Fell and his colleagues examined six different measures of enforcement intensity and their effect on the prevalence of weekend, night-time drivers in the 2007 National Roadside Survey who had been drinking alcohol and had BACs>.05 g/dL, as well as those who were driving with an illegal BAC>.08 g/dL.
"We found that two measures of enforcement intensity significantly affected the rate of impaired driving on the roads in a community: the rate of traffic stops and of DUI arrests," said Fell. "Communities with a high rate of traffic stops - representing enforcement visibility to the public - had a lower rate of impaired drivers on their roads. Similarly, communities with high rates of DUI arrests also had lower rates of alcohol-impaired drivers on their roads. This is the first study I am aware of that actually calculated several enforcement-intensity rates and related those measures to impaired driving on the roads in several communities."
"The central contribution of this study is to disentangle various elements of enforcement and compare how variation in their levels corresponds to variation in the prevalence of impaired and drinking drivers on the road," added Bloss. "Although this study is exploratory and its conclusions remain tentative, beginning to understand how different components of enforcement may help to change the prevalence of drunk driving is a step toward important practical information for law-enforcement agencies."
Both Fell and Bloss remarked that visible and publicized enforcement efforts in the form of increased numbers of police cars stopping drivers along roadways would lead to the perception that the chances of being caught are higher.
"The public notices police cars on the side of the road issuing citations or arresting drivers for DUI," said Fell. "That serves as a general deterrent and increases their perceived risk of being caught driving impaired."
"Given relatively severe penalties for impaired driving," added Bloss, "drivers who would be tempted to drive after drinking may be deterred by increases in the probability of detection, which may be directly related to the frequency with which they see flashing lights along the road. Although more research is needed, current findings suggest that greater intensity of general traffic enforcement during evenings and weekends when impaired driving is most prevalent may be an effective strategy to reduce the number of drinking drivers on the road."

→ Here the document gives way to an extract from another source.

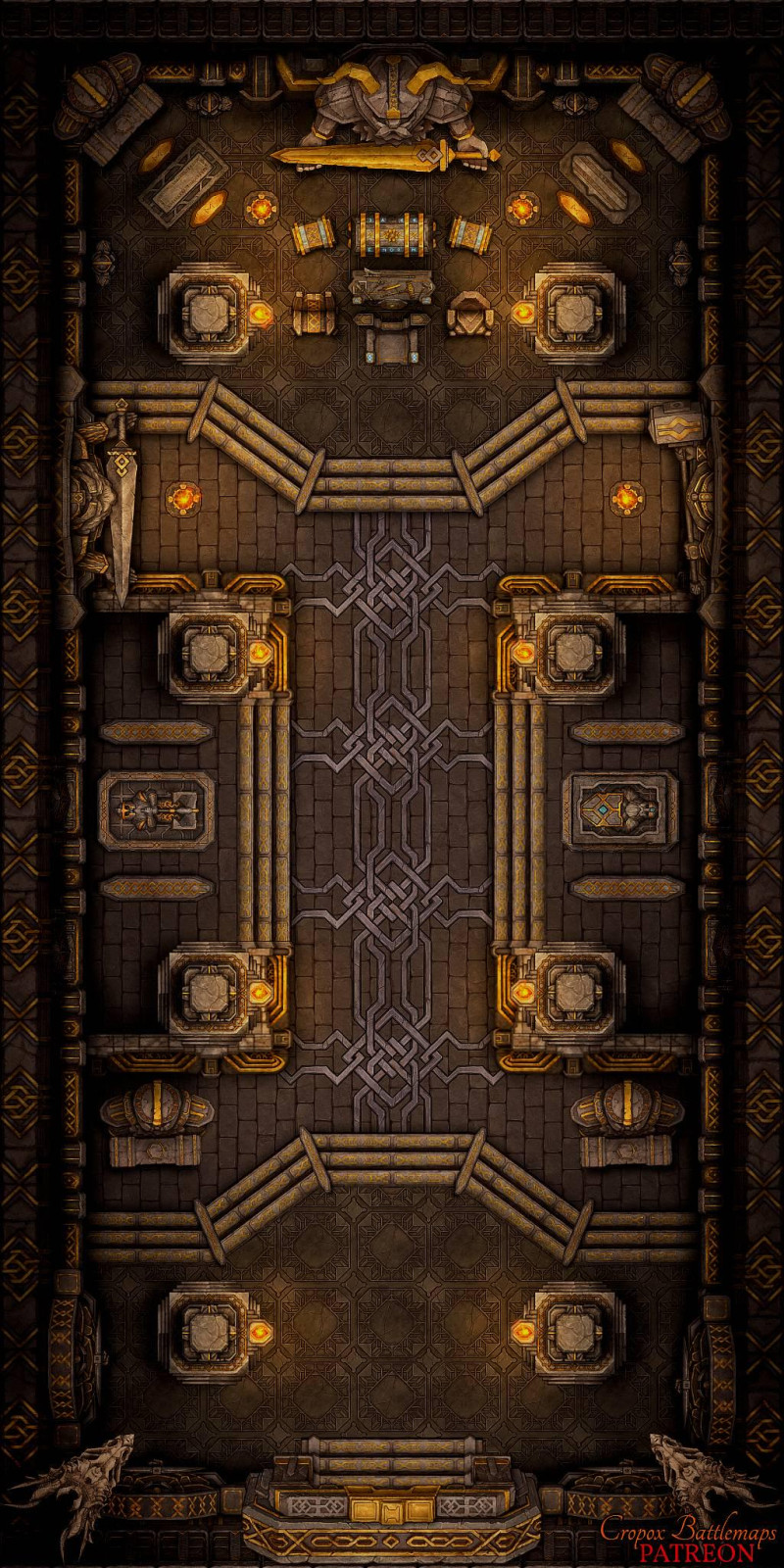 Dwarven Throne Room 15x30 battle map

"Alcohol researchers will need to conduct future research to determine what thresholds of enforcement intensity have a significant impact on alcohol impaired driving and on impaired driving crashes in communities," said Fell. "Our research gives the ranges of intensity; now we need the thresholds that make a difference. Furthermore, police agencies need to know how much they should increase their traffic stop rates or their DUI rates to really make a difference. What would happen in a community if the police increased their DUI arrest rate from 20 to 40 DUI arrests per 10,000 population? Would impaired driving decrease by a certain percent? How much of an increase in the rate would be needed? Policy makers and police agencies need these answers to determine if any increased enforcement would be cost effective."